Ice Cube's obsession lies in lyrically unearthing the horrors and subversive pleasures of the South Central ghettoes he helped cloak in rap mythology. Even when he misses the mark, the furious intelligence and rhetorical skill of his gangstAfronationalist aesthetic manages to provoke and inspire. Breaking with N.W.A at an extraordinarily young age for one who'd already given gangsta its most believable character, Cube went gone on to imprint his blunt anger over several crucial solo albums, flourishing the self-contained doomy presence that also gained him critical acclaim apart from music in the film Boyz N the Hood.

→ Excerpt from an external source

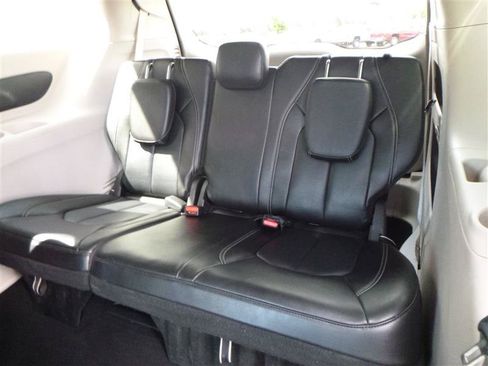 Used 2023 Chrysler Pacifica Touring-L FWD image 7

On AmeriKKKa's Most Wanted, Ice Cube seizes the spotlight. On "The Nigga Ya Love to Hate," he is "kickin' shit called street knowledge," demanding to know " Why more niggas in the pen than in college?" The track is bolstered by a swaggering bass line, the key to an aural assault that, throughout the album. is presided over by Public Enemy's Bomb Squad. Cube relentlessly exposes the terror of police brutality ("AmeriKKKa's Most Wanted"), yet mirrors such treatment in his own attacks on the fairer sex ("Once Upon a Time in the Projects" and "I'm Only Out for One Thing"). Cube also gets delirious joy in rattling the pieties of the black bourgeoisie; "Turn Off the Radio," a  propulsive synthesis of horns and psychedelic guitars, acerbically blasts the R&B lovers who in the late '80s crowded rap off the black airwaves.